Die Bilder der Schlafenden funktionieren in Apichatpong Weerasethakuls Cemetery of Splendor wie ein Nullpunkt. Als Zuschauer ist man sofort in der richtigen Verfassung, um sich auf die Durchdringung unterschiedlicher Realitätsebenen einzulassen. Erinnerung und Geschichte, Mythos und Realität, Traum und Wachzustand gehen so selbstverständlich ineinander über, dass der Satz, das Kino des Thailänders überwinde Grenzen, falsch anmutet. Es gibt eigentlich keine Grenzen mehr.
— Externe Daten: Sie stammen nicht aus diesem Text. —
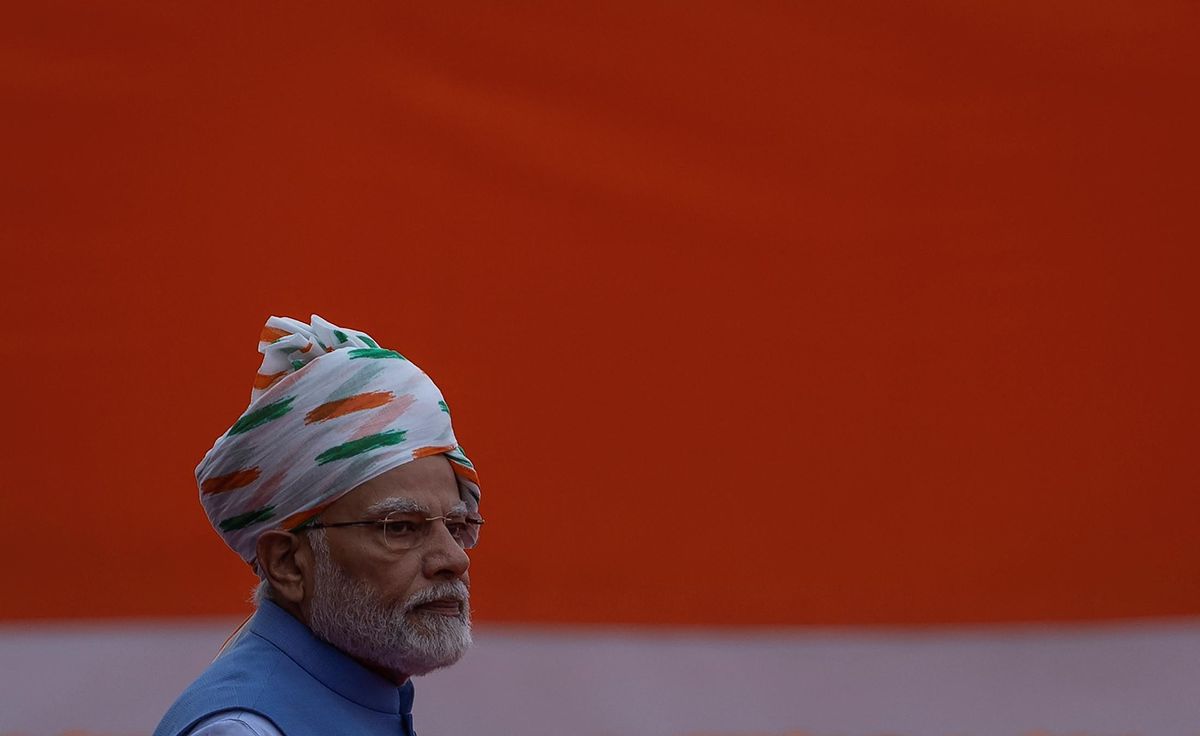 Indian PM Narendra Modi walks after inspecting the honor guard during Independence Day celebrations at the historic Red Fort in Delhi.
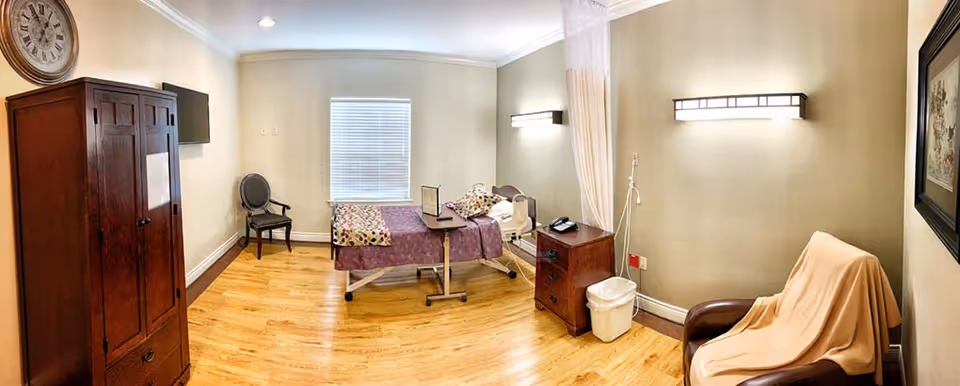 A rehabilitation center room with a hospital bed covered in a purple blanket and floral pillows, a wooden cabinet, a small wooden nightstand with a phone and trash bin, a chair draped with a beige cloth, a wall-mounted TV, a window with blinds, and light fixtures on the walls. The floor is wooden and the walls are painted light beige.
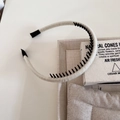 Detail view of beige fabric headband showing non-slip plastic teeth and soft end tips - 1# Creamy White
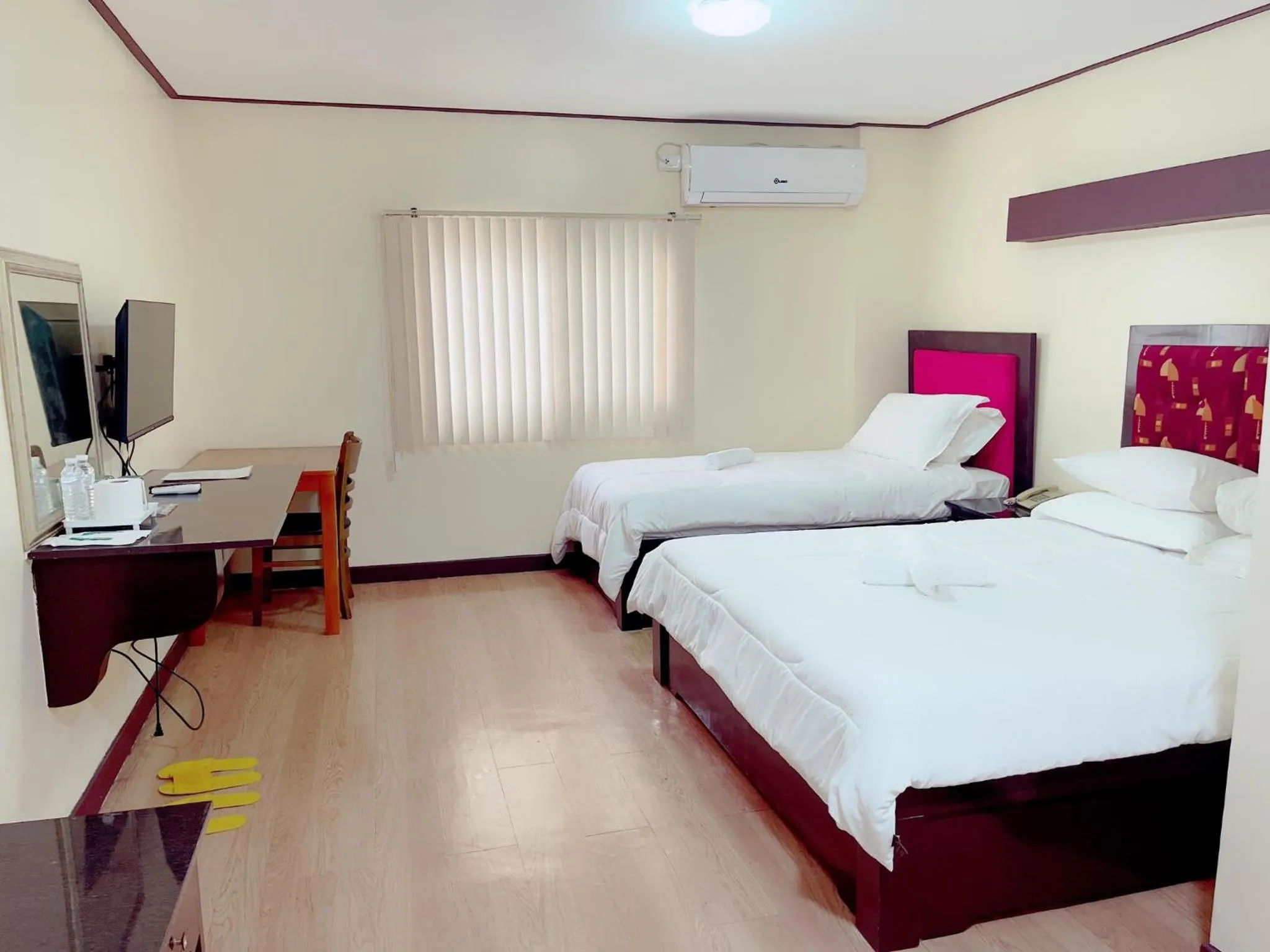 Bed in Jun and Helen Hotel and Restaurant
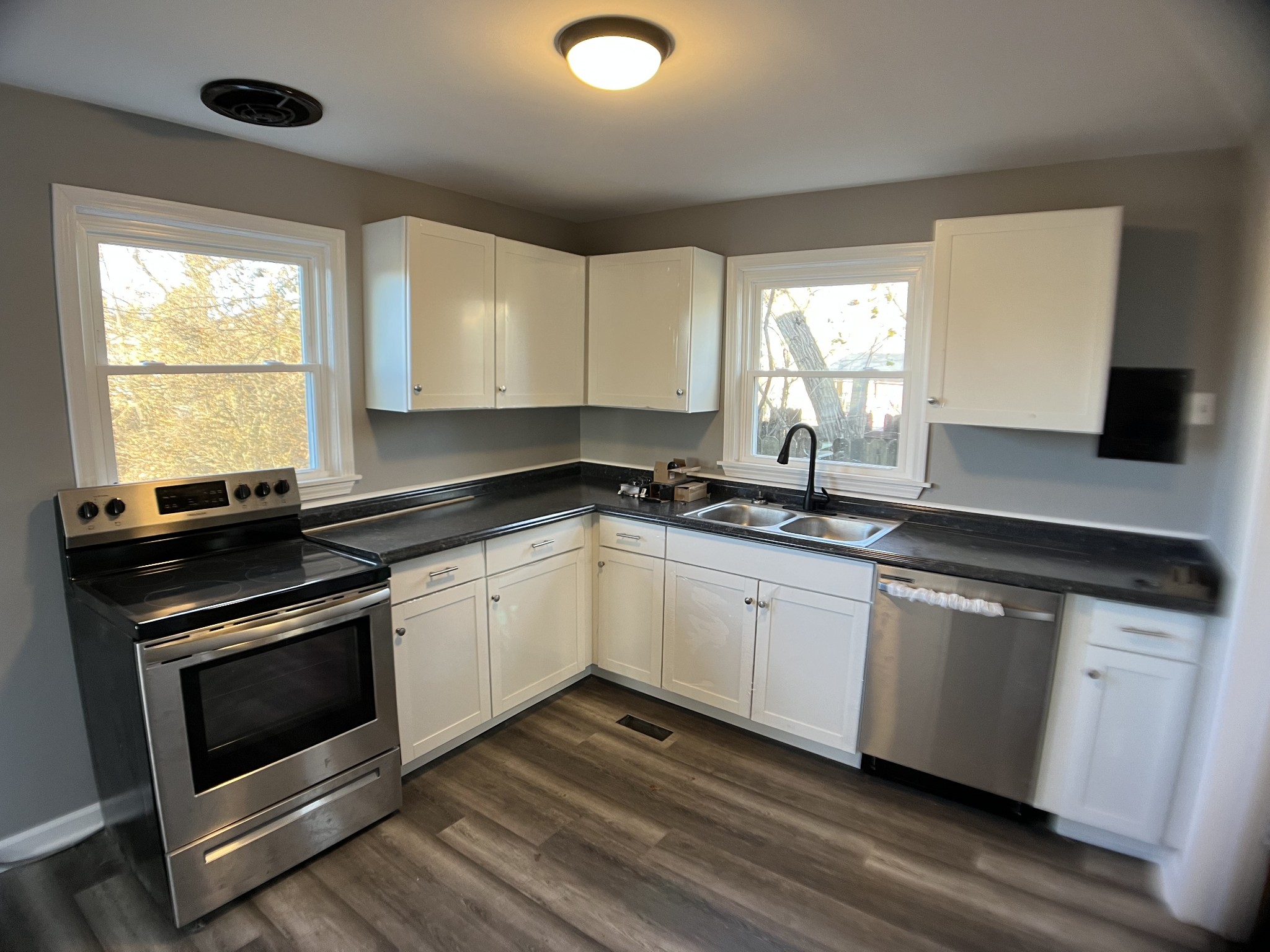 124 Arnold Lane Murfreesboro, TN 37127 - Photo 7 of 14 a kitchen with granite countertop white cabinets appliances a sink and a large window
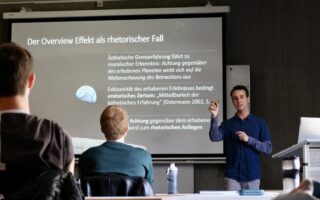 Hagen Wagner präsentiert am 21. April 2023 im Brechtbau seine Bachelorarbeit zum Thema Overview Effekt als rhetorischer Fall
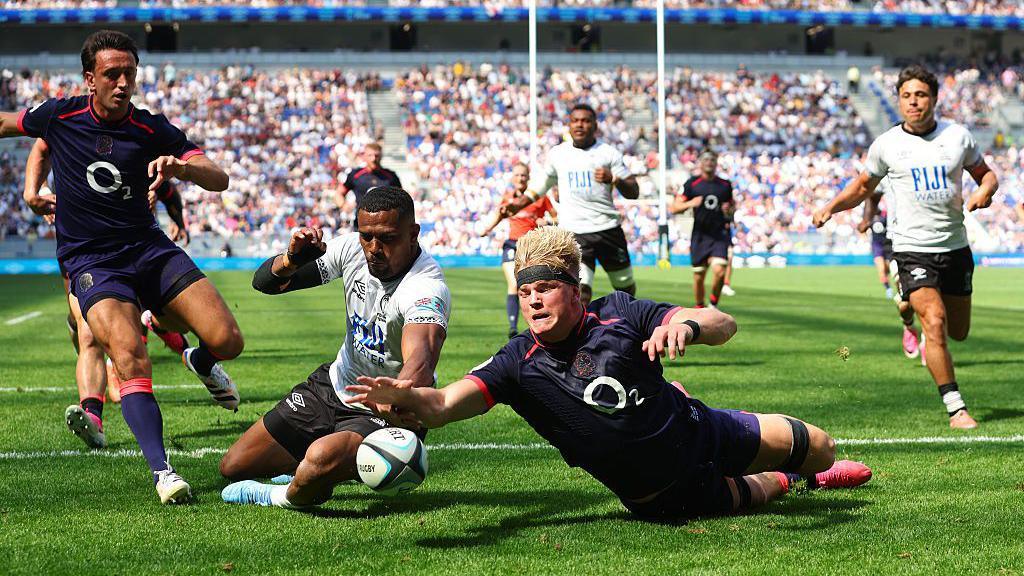 Henry Pollock is about to score his first try, beating Jiuta Wainiqolo to the ball to touch down as players from each side watch the pivotal moment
Schlafen spielt auch im neuen Film von Nicolás Pereda eine zentrale Rolle. Wie Weerasethakul ist der 1982 geborene Mexikaner ein großer Eigenbrötler des Weltkinos, der sich in seinen Arbeiten immer wieder mit Fragen von Klasse und sozialen Hierarchien befasst; abstrakter, introvertierter, als man das aus dem Arthousekino kennt. Minotauro ist ein Film über drei Menschen in einem Appartement, deren Körper von großer Müdigkeit befallen sind. Am Anfang sacken die Figuren noch über der Lektüre von Büchern ein, aus denen sie Passagen vorlesen; dann nimmt die Trägheit weiter zu, eine Frau hängt halb über dem Bett, die Körper bilden komische Knäuel oder schleppen sich mit letzter Kraft durch den Raum.

Um Träume geht es bei Pereda, der sich von Alain Resnais' Letztes Jahr in Marienbad inspirieren ließ, jedoch nicht mehr. Die Lethargie ist bei ihm – wie auch die Rezeption von Literatur – das Privileg einer höheren Gesellschaftsschicht. Während dem Trio die Nachmittagssonne über die Gesichter wandert, erscheint eine Haushälterin als einzig agile Person im Raum, die rund um die Schlafenden für Ordnung sorgt.

Ihre Präsenz wirft auf den kollektiven Tagtraum ein anderes, beunruhigenderes Licht. Aus verträumter Nostalgie wird Lethargie, die Unfähigkeit, sich wieder selbstständig aufzurichten.

Stillstand und Erneuerung

Die Schlafkrankheit hat auch bei Weersathekul gesellschaftliche Ursachen. Das provisorische Spital der Soldaten liegt auf dem Grundstück eines Friedhofs von Königen, auf dem schon in der Vergangenheit Schlachten geschlagen wurde. Jenjira Pongpas Widner, eine von Weerasethakuls Stammschauspielerinnen, ist Jenjira, eine freiwillige Helferin, die sich vor allem dem Patienten Itt verbunden fühlt. Sie ist einer der Angelpunkte des Films, der sich in verschiedene Richtungen hin öffnet, um die spirituelle wie körperliche Versehrtheit der Figuren auszuloten, in der stets das gesellschaftliche Ganze widerhallt.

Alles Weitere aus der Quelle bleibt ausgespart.